The Indian Ocean breeze along Colombo’s Galle Face is so strong and the Lankan sky so clear that the fluttering Indian tricolour alongside the Sri Lankan flag makes for a pleasing combination along the length of the Sri Lankan capital’s premium avenue.
Despite various travel bans since the Easter Sunday carnage, ice-cream vendors and Indian tourists who have defied various international travel bans to spend their vacation in Sri Lanka are out on the seafront promenade in full force. It is not only because Sri Lanka’s superlative hospitality industry has taken a beating with a 70% loss in business and Indians love a bargain.
It is also because PM Narendra Modi, whose government in its second coming has already shown a zero tolerance approach to terrorism, arrived in Sri Lanka today. And given India’s experience with tackling terrorism and the host country’s anxiety to ensure Modi’s visit goes off smoothly and safely, there can’t be a safer place than Colombo this weekend. Persons aboard an early morning flight from Delhi to Colombo earlier this week who did not wished to be named, remarked that if their PM can travel to Sri Lanka despite a supposedly high security risk, so could they.
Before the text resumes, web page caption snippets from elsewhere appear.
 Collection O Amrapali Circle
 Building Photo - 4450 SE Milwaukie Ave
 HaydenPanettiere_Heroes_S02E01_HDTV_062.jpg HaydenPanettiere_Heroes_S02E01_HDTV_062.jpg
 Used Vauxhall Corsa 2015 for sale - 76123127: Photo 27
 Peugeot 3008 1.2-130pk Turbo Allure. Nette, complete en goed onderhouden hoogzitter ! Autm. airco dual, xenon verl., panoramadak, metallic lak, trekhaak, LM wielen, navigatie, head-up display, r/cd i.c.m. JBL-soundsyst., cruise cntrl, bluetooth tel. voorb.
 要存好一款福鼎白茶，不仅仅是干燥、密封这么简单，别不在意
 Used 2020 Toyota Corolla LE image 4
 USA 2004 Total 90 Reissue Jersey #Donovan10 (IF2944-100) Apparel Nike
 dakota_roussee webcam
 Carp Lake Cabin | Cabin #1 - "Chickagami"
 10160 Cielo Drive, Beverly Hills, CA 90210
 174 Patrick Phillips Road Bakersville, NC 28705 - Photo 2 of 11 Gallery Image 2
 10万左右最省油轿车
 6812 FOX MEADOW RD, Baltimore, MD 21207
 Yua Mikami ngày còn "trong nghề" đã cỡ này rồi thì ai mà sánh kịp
In preparation for PM Modi’s visit, the Sri Lankan capital’s nerve center, its Galle Face where the presidential secretariat and most ministries are located, has been all but barricaded for much of the weekend. Kandyan drummers in jeans practised along the promenade a day earlier. Today, they are in rich Kandyan costumes. There are also hundreds of policemen, snipers, special forces commandoes and police units who have drilled and prepared to ensure there is no security lapse.
There are the long-overdue baggage screening machines and armed troops outside all the hotels that came under attack. The Sri Lankan armed forces, whose men and women have spent the last ten years tending to the forces’ other ‘softer’ occupations like hotels, fruit farms and dairies, are now back to doing what they are meant to: guarding the country and stepping in to aid the police whose superiors failed them by ignoring India’s intelligence inputs, on the fateful Easter Sunday.
All dailies published detailed maps of traffic diversions for much of the day. There was absolutely no traffic on the airport highway into town. There will be none on the Galle Road starting from the imposing President’s Secretariat, very close to the Shangrila, Kingsbury and Cinammon Grand hotels —which came under terror attack — for practically the duration of the PM’s three-hour visit.
The humblest of all venues, though, has the tightest security. That is St Anthony’s church, in the middle-class and bustling area of Kochikade in northern Colombo. Located on a crowded street, mosques and Hindu temples dot the streets across the church dedicated to St Anthony, one of the most popular saints for Sri Lankans of all faith for decades. The church itself is barricaded by scaffolding. A posse of policemen and intelligence officials in civilian clothes are so determined to get the main hall as clean as possible for the Indian PM’s visit, that they didn’t allow even locally accredited journalists inside the main shrine where the carnage took place and more than 50 persons were killed by a suicide bomber on Easter Sunday.